The current test for IRRBB outliers assesses the risk by measuring the change in a bank’s economic value of equity (EVE) – the difference in the value of assets and liabilities before and after hypothetical rates shocks. A bank is deemed to be an outlier if it posts a theoretical loss amounting to 15% of its total Tier 1 capital.

Supervisors have the option to implement additional tests provided they are equally “stringent”. The EBA’s proposed test would assess the impact of shocks on net interest income (NII) – the total amount a bank receives from interest-bearing assets minus what it pays out on interest-bearing liabilities. If a bank’s NII declines, it is less able to retain earnings, which it can use to meet its minimum capital requirements.

If you actually apply the 2.5% threshold, it means that about half of the banks in Europe are outliers. Which is a bit of an odd thing to say, because they’re not really outliers then
Adrian Docherty, BNP Paribas

To ensure its test was as stringent as the current one, the EBA compared the effects of set rate shocks on both EVE and NII for 54 banks that had submitted IRRBB data from December 2020 as part of a quantitative impact study. If a shock reduced NII by an amount equivalent to more than 2.5% of Tier 1 capital, the bank would be classified as an outlier. Such a classification could result in greater supervisory scrutiny, and even Pillar 2 capital add-ons to mitigate risks not covered by minimum capital requirements.

The EBA based its NII threshold on “floor” assumptions about how far rates could drop into negative territory following shocks. It applied the same shocks and floors to both the NII and EVE tests; the intention was for the new test to produce a similar number of outliers as the current one.

A senior IRRBB specialist at a European bank says this approach is flawed because rather than establishing a threshold representing a level of risk that is considered too high, the test is “just a pure comparison of banks”.

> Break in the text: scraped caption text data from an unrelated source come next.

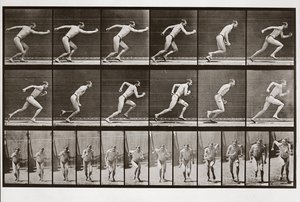 Man die rent, Plaat 59 uit Animal Locomotion, 1887 door Eadweard Muybridge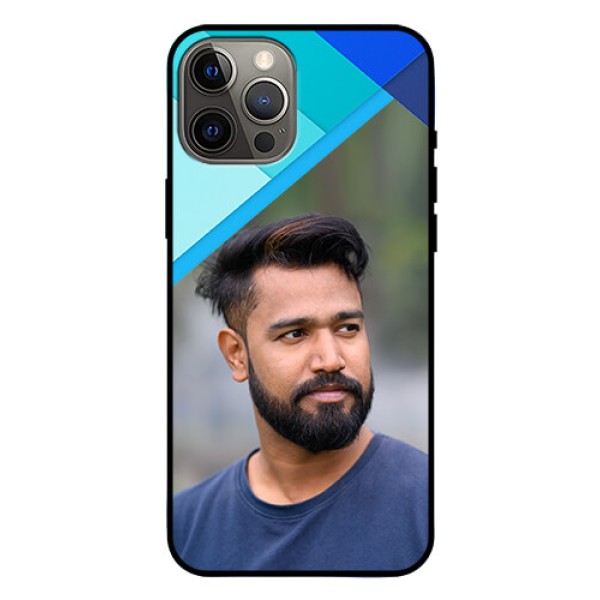 Iphone 12 Pro Max Custom Glass Phone Case - Blue Pattern Design Iphone 12 Pro Max Custom Glass Phone Case - Blue Pattern Design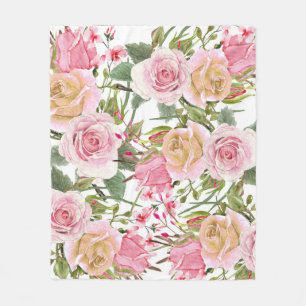 Watercolor Roses Fleece Blanket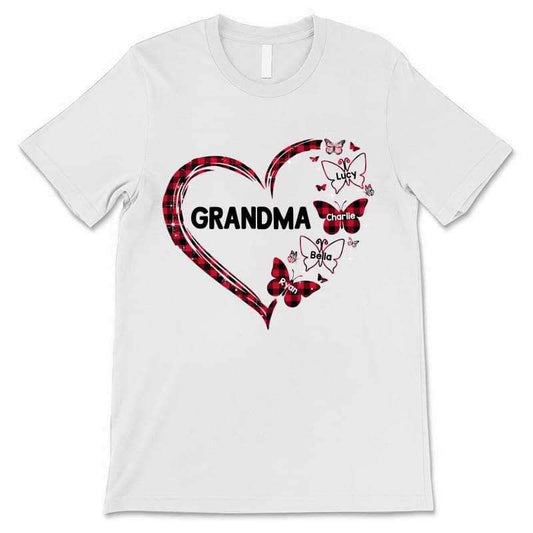 Apparel Leopard Checkered Floral Patterns Mom Grandma Heart Personalized Shirt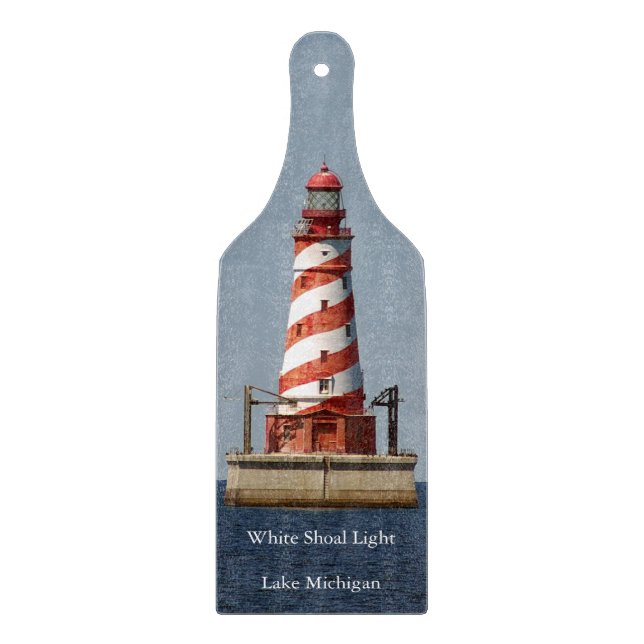 White Shoal Light paddle cutting board (Front)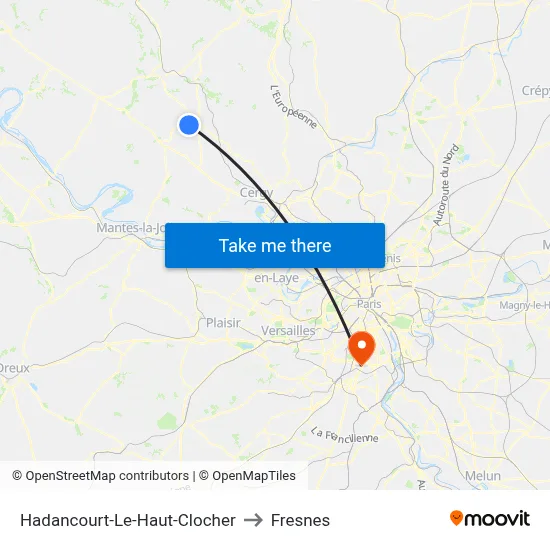 Hadancourt-Le-Haut-Clocher to Fresnes map
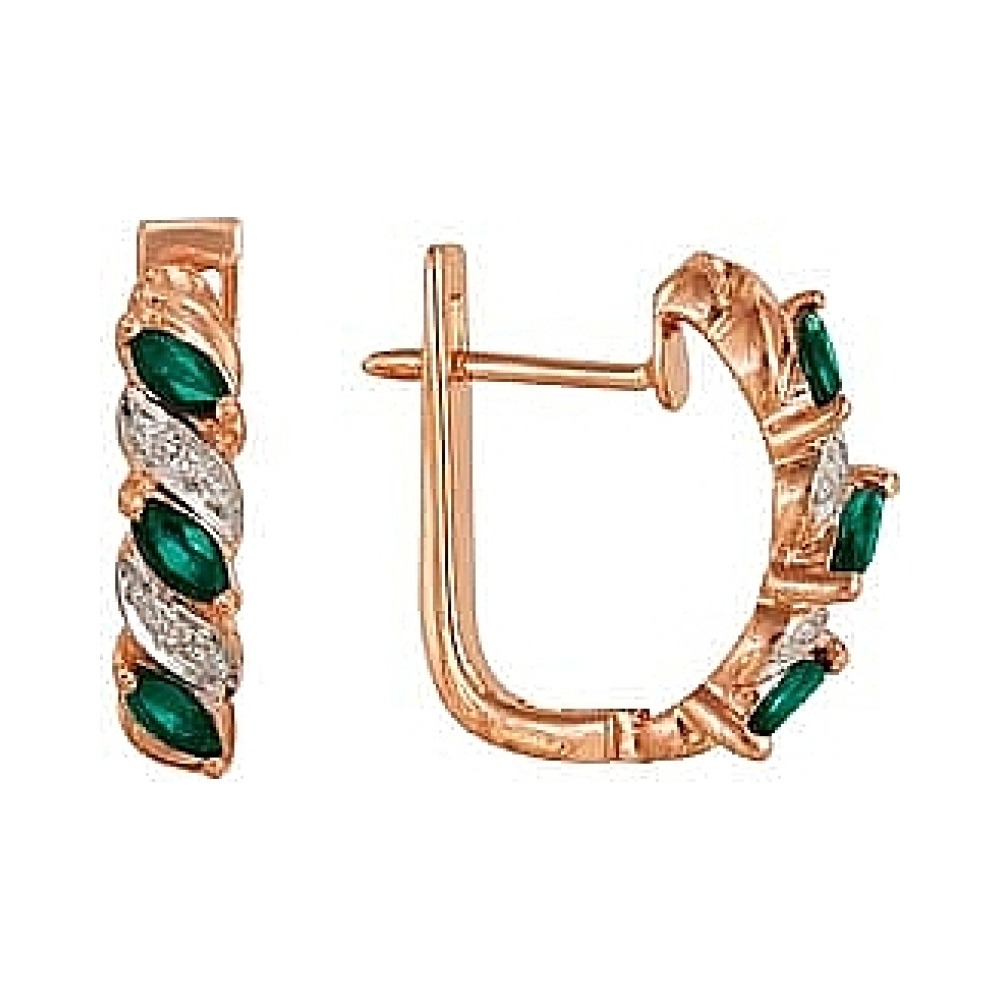 Золотые серьги с бриллиантом и изумрудом № 8020
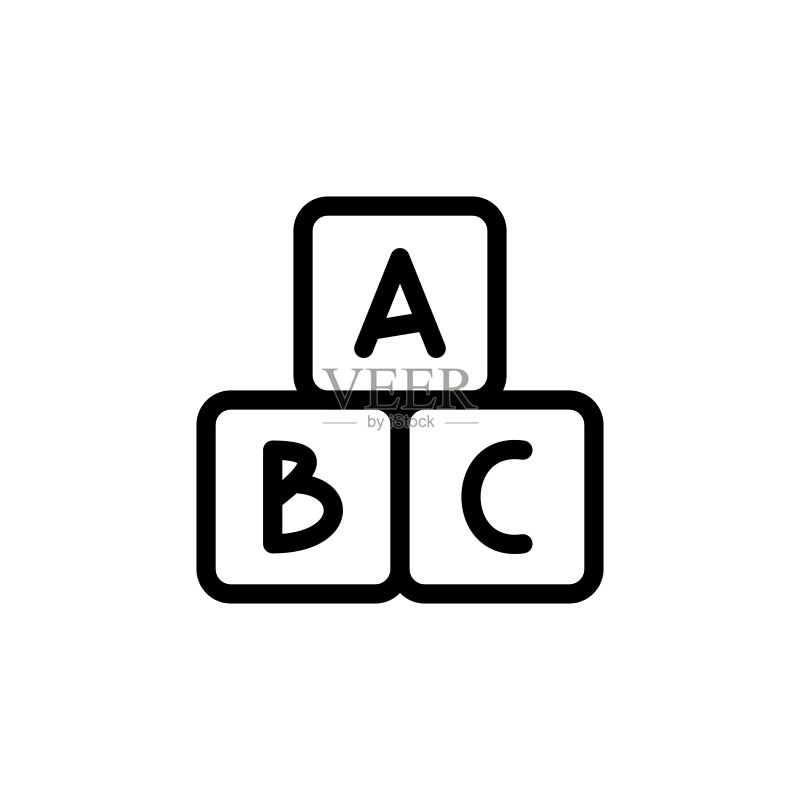 字母方块细线图标图标素材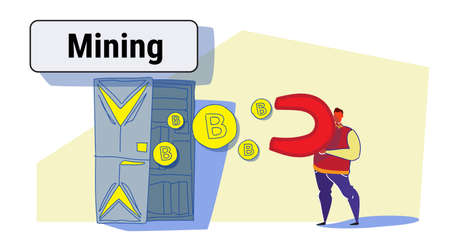 man holding magnet pulling bitcoin coins from mining farm server room crypto currency concept...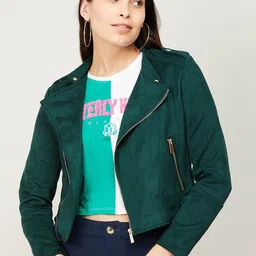 Ginger by Lifestyle Women Green Leather Crop Tailored Jacket-picture-38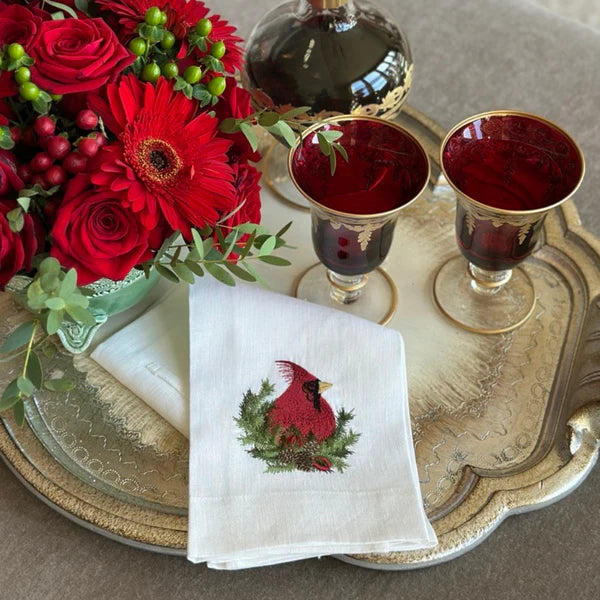 Christmas Cardinal Linen Towel, Set of 2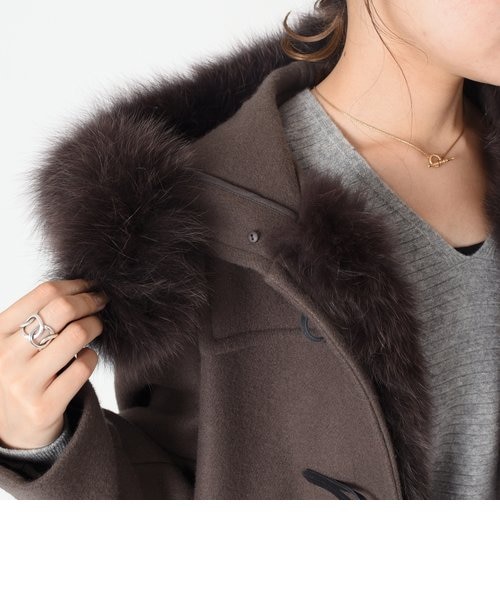 SHIPS ファーダッフルコート セール】 ファーダッフルコートgray◇ （ダッフルコート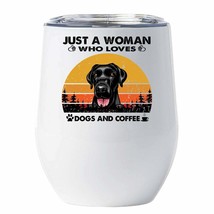 Just A Woman Who Loves Black Labrador Dogs And Coffee Tumbler 12oz Gift For Mom - £17.87 GBP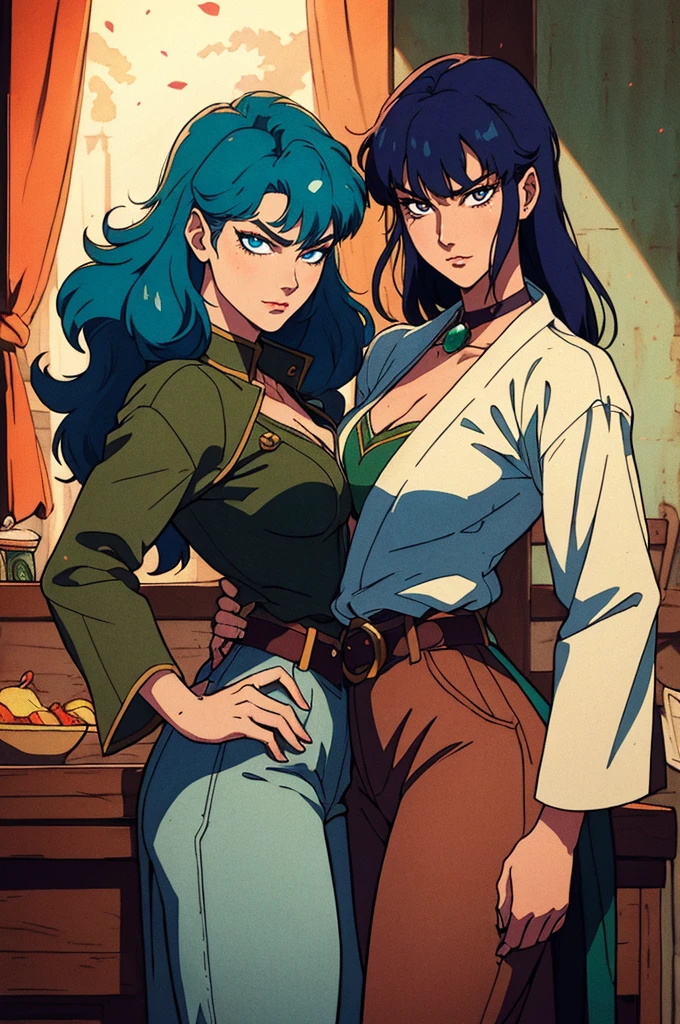 ((A young woman with flowing long dark blue hair, long side part bangs covering the right side of her face, sharp upward-arched thick eyebrows, large expressive eyes, a delicate oval face, a sensual wide mouth, a mocking expression, a fantasy martial arts-style emerald green short jacket with a blue undershirt, a high collar, rolled-up sleeves, matching fabric pants, a yellow waist belt, leather combat boots, one hand rests on her hip, surrounded by a cyan energy aura, standing in a fantasy style Chinese tavern)), this character embodies a finely crafted a fantasy martial arts heroine in anime style, exquisite and mature manga art style, pale skin, high definition, best quality, highres, ultra-detailed, ultra-fine painting, extremely delicate, professional, anatomically correct, symmetrical face, extremely detailed eyes and face, high quality eyes, creativity, RAW photo, UHD, 32k, Natural light, cinematic lighting, masterpiece-anatomy-perfect, masterpiece:1.5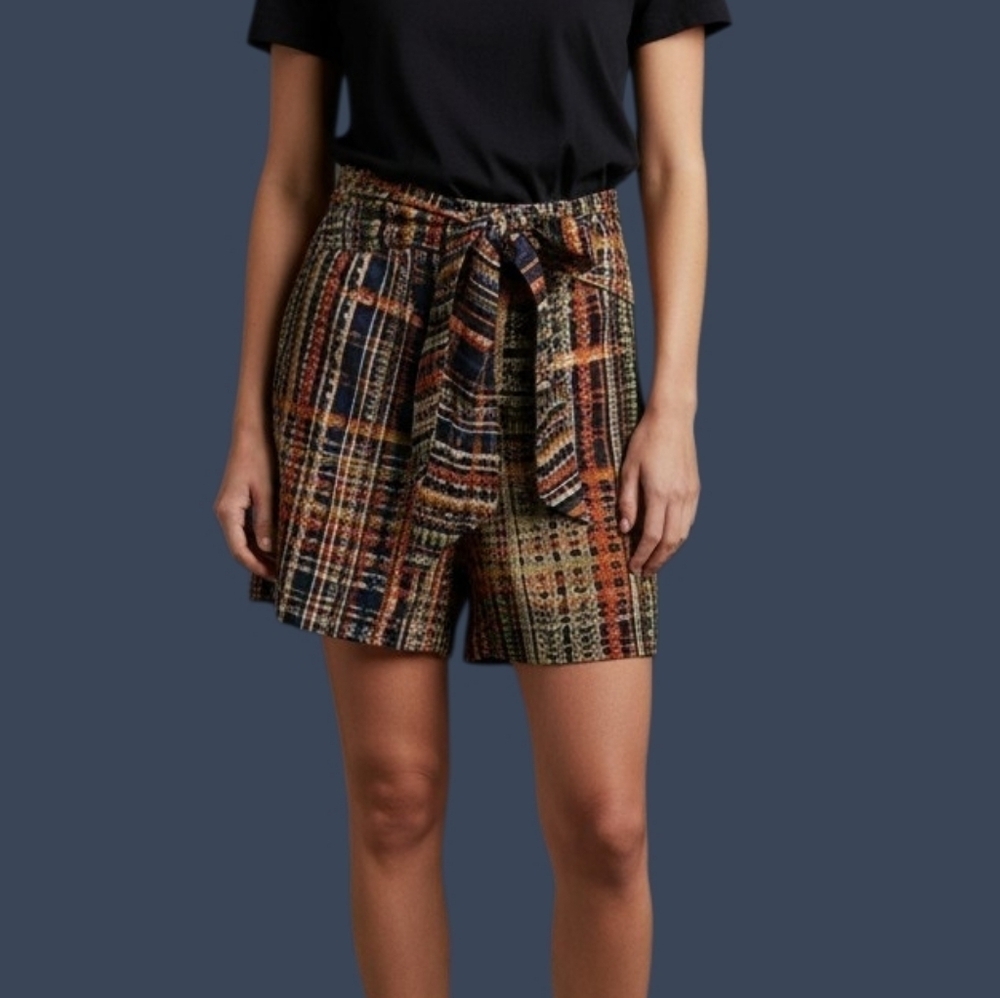 CABI Multicolor Patterned Tie Waist Wrap Skorts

Rates were at all-time lows when the EBA’s analysis was conducted – the European Central Bank’s main refinancing rate at the time was set at 0%, which meant banks would not have to apply the full downward shock of 200 basis points for euro-denominated assets and liabilities. Rates have now shot up in many parts of the world to combat soaring inflation. If they stay at the levels they are today – the ECB’s refinancing rate stood at 2.5% last month – when banks carry out their first NII test, they will apply the full supervisory shock.

For this reason, a senior treasury manager at a second European bank says the calibration in the EBA’s proposed test “is based on data that is no longer appropriate in a normalised rate environment”.

Even if rates had not risen, banks would still be more likely to fail the test now than when the EBA set the threshold, as they have further lowered the floor to be used in the EVE and NII tests. It will now be set at -1.5% for products with immediate maturities; this will rise by 3bp for each additional year until a 0% floor is set for products with maturities of 50 years or longer. The EBA did this because yields for euro bonds with maturities of five years or longer were below the old floor in March and December of 2020.

Adrian Docherty, head of bank advisory at BNP Paribas, has analysed publicly available figures in Pillar 3 reports to assess the likely impact of the test. “If you actually apply the 2.5% threshold, it means that about half of the banks in Europe are outliers,” he says. “Which is a bit of an odd thing to say, because they’re not really outliers then.”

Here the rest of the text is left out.